The cause of the inundation, Dahl stresses, will not be seasonal storms, but, rather, normal high tides rising higher and reaching farther inland.
Estimates vary on when the damage will come and what its severity will be, and scenarios are based on several factors, including the amount of emissions reductions that nations will make in the coming years, the extent of the melting of glaciers, ice caps and the Greenland and Antarctic ice sheets, along with thermal expansion of the seas’ waters.
First world problem
Beach properties in the flood zone have a median value of about $300,000 above Long Beach as a whole. Nine of the top 10 priciest residential sales in 2018—ranging from $3.25 million to $7.2 million—were in Naples; the other was on the Peninsula.
There’s good reason why the coastal homes are expensive. Each of the three seaside neighborhoods has its own character, charm and beauty. Perhaps the Peninsula most of all. It’s the closest thing this city has to a seashore community, with half the residents living on Alamitos Bay and the other half along a beachfront boardwalk with views of the Pacific and even the occasional set of surfable waves, a rarity along most of the city’s breakwater-protected strand.
Relatively soon, though—a split second in geological time, but perhaps even before a new homeowner’s 30-year-mortgage is paid off—the desirability of all three beach communities could be severely and permanently eroded.
“At the beginning of the last century the sea was rising a millimeter a year,” said climatologist Bill Patzert, who retired last year after more than three decades with NASA’s Jet Propulsion Laboratory.
“That rise was primarily caused by thermal expansion, and by mid-century the cause of sea level rise was half thermal and half melting. Now it’s two-thirds melting and one-third thermal.”
The key to sea level rise are the great ice sheets in Greenland and Antarctic, as well as the disappearance of terrestrial ice in the Rockies and “ex-Glacier National Park,” as Patzert calls it. “We’re seeing a retreat of glaciers across the country,” he said.
The Los Angeles Region Report of California’s Fourth Climate Change Assessment, which relies on a scenario characterized by increasing greenhouse gas emissions over time, projects a 1- to 2-feet of sea level rise by 2050, and more extreme projections lead to 8 to 10 feet of sea level rise by the end of the century.

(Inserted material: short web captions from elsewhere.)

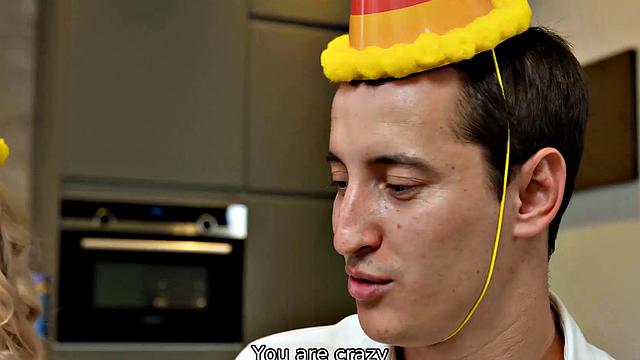 HUNT4K. Blonde has anal sex with stranger while her man watches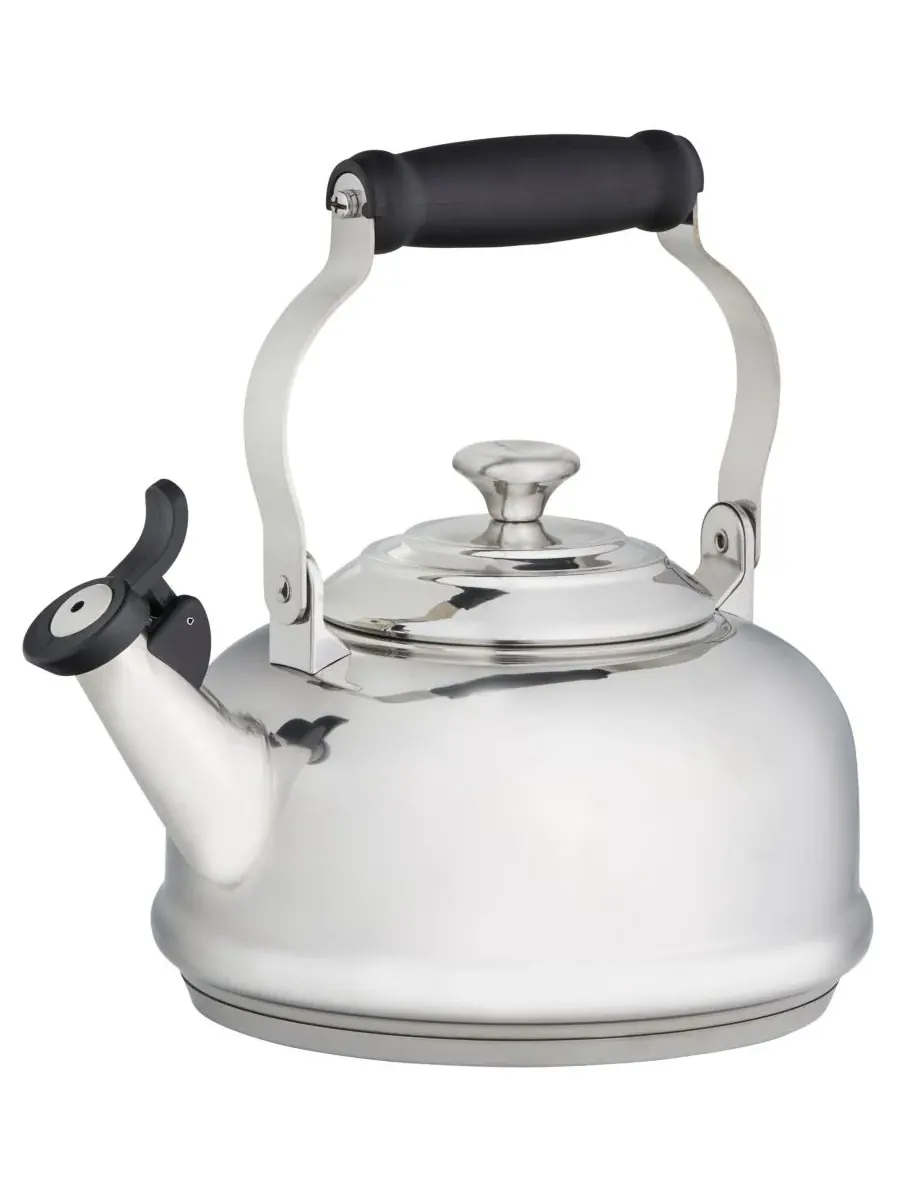 Чайник с шумовкой из нержавеющей стали объемом 2 л Le Creuset, нержавеющая сталь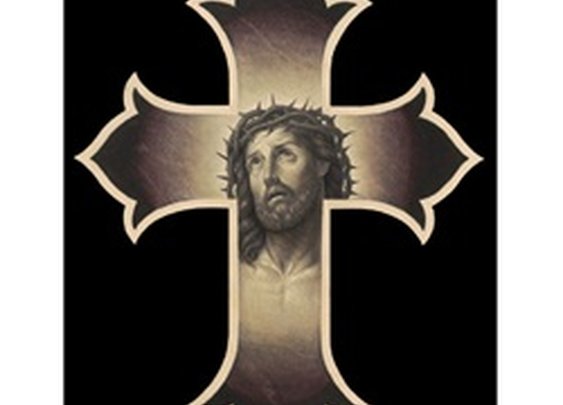 Jesus Cristo by Chuey Quintanar Gothic Cross Tattoo Canvas Art Print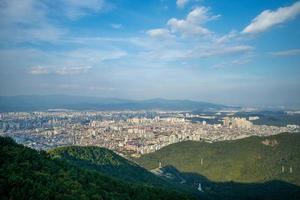 vista aérea do Aspan Park em Daegu, na Coreia do Sul foto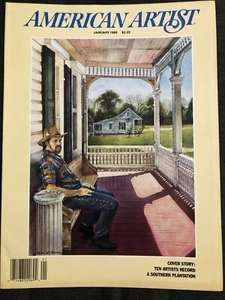 AMERICAN ARTIST January 1989 Robert Aiello Warner Friedman Tony Eubanks - Imagen 1 de 2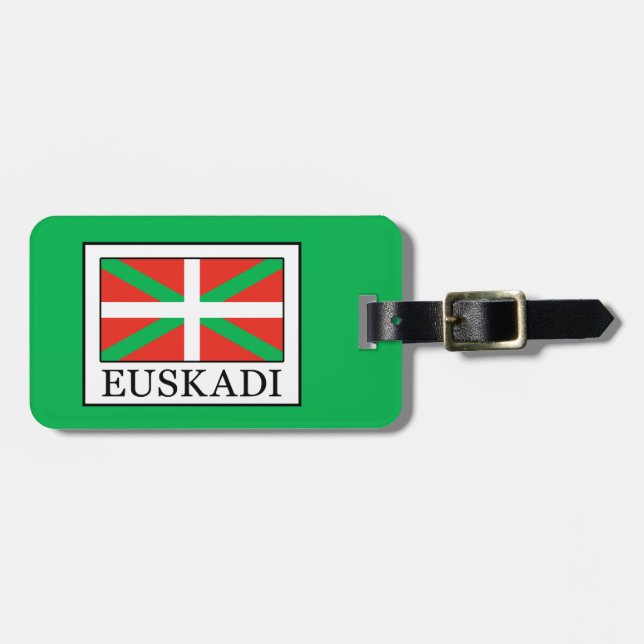 Etiqueta Para Maletas Euskadi (Frente Horizontal)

“But you only need 2 to 5 feet for it to be a disaster,” said Gary Griggs, a distinguished professor of Earth and Planetary Sciences at the University of California at Santa Cruz, co-author of the 2017 report “Rising Seas in California: An Update on Sea-Level Rise Science.”
“Even a 1-foot rise will get a lot of low areas underwater,” he said. “And we’re on a trajectory of a worst-case scenario rather than a best-case.”
Long Beach has been working to assemble a report that will serve as a guide for action and adaptation to climate change, beyond just sea level rise. The report is expected in the fall.
But while sea level rise won’t directly affect most people in Long Beach, it has commanded the attention of both residents and city leaders. Long Beach stands to lose as much as 8% of its property tax base in the next three decades due to lower home values in the coastal area, officials said.
One of Dahl’s reports estimates that 300,000 homes along the nation’s coastlines could be lost by 2045, with a collective market value of $117.5 billion.
In Long Beach, some 1,983 homes, valued at $1.3 billion, are at risk, and could result in displacing 5,136 people at a loss of about $15.6 million in property taxes.
“Sea level rise is obviously of major concern for us,” said Suzie Price, the councilwoman who represents the 3rd District, which includes Belmont Shore, Naples and the Peninsula. “And it’s a concern not just for the Peninsula but the wetlands, the Colorado Lagoon, the Bay, Belmont Shore — they’re all vulnerable.
“There are ways to armor the coast, to forestall it, but we do know the impact will be significant.”
When it comes to the perils of sea level rise on the Peninsula, Price says it’s important to build out the beach on the ocean side to add additional buffer against high tides and storm surges.
Peninsula oldtimers recall when the strand was nearly 100 yards wide. Now it’s closer to 20 yards, and is frequently breached by high tides. As ocean currents wrap around the east side of the breakwater, they move sand to the west, requiring the city to continually move it back using trucks and earthmovers. This task costs the city about $580,000 per year.
After the city contracted Anchor QEA Coastal Engineering Consultants to study the problems on the Peninsula, officials made the decision to use a hydraulic pump with a pipeline to move sand from the west to the east beach.
The method requires a crane to secure the pump that moves up and down the beach as needed. The cost is estimated initially be about $690,000, with expenses of $135,000 in subsequent years, to be paid out of Tidelands funds. The project is pending Coastal Commission approval.
Looking the other way
The science may be certain, but there is still some denial about the subject among the residents of the affected areas. People still continue to buy and sell their coveted properties.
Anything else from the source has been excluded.